Funded by The Little Princess Trust and administered by CCLG
Lead investigator: Dr Chris Halsey, University of Glasgow
Award: £184,553
Awarded December 2020
Acute lymphoblastic leukaemia (ALL) is the commonest cancer in children. There are two types – B-cell(B-ALL) and T-cell (T-ALL).
T-ALL is rarer than B-ALL and harder to treat. If T-ALL reoccurs (relapses) only two-three out of ten children will be cured. Leukaemia is a blood cancer, but it also travels elsewhere in the body.
This project investigates leukaemia that has spread to the brain. This is common in T-ALL. Studying T-ALL in the brain is very important because:
- The brain is a common place for leukaemia to reoccur after treatment
- All children are given treatment (chemotherapy or radiotherapy) to try and prevent the leukaemia reoccurring. These treatments are harsh and can cause long-term damage.
- There are no good treatments if T-ALL reoccurs.
In this project we will find out which genes are needed for T-ALL survival in the brain by:
- Using a state-of-the-art technology called CRISPR (Clustered Regularly Interspaced Short Palindromic Repeats). In nature CRISPR is used by bacteria to attack and remove genes from infecting viruses. This is called “gene-editing”. Scientists have adapted this natural process to remove genes in human cells. Using T-ALL cells grown in the laboratory, we will use CRISPR to make a collection of T-ALL cells, each with a different gene removed. We will inject the cells into mice to see which genes are needed for brain leukaemia to develop.
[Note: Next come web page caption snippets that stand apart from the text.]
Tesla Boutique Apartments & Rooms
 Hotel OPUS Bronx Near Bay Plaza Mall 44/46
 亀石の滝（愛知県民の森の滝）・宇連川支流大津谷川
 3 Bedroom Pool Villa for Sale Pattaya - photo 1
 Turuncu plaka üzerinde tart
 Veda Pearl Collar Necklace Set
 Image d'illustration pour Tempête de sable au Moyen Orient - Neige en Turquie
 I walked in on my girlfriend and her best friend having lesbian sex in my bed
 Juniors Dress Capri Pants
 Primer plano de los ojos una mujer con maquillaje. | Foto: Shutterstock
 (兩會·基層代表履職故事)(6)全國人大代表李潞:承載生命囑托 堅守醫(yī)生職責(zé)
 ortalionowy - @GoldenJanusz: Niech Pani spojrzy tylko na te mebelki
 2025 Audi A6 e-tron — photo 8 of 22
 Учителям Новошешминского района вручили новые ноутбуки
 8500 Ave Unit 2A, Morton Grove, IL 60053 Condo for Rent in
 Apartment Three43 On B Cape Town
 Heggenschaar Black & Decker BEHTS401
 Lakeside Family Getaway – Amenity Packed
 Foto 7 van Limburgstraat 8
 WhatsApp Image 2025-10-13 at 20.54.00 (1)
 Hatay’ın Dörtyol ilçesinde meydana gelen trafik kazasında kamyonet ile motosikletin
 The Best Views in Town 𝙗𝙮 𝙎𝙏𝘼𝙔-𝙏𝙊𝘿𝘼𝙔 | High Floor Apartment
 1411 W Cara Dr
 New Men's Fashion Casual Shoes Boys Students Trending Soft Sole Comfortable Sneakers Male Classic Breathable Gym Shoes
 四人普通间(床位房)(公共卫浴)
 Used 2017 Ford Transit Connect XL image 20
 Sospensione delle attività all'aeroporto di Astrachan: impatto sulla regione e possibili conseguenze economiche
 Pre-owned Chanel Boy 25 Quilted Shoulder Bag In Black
- Measuring which genes are active in T-ALL cells from the brains of mice to identify the genes T-ALL needs to “switch-on” when it gets to the brain.
- We will then test whether blocking these key genes, using drugs or chemicals, will kill T-ALL cells and prevent brain leukaemia in mice.
Together these experiments will improve our scientific knowledge and help develop new treatments for brain leukaemia.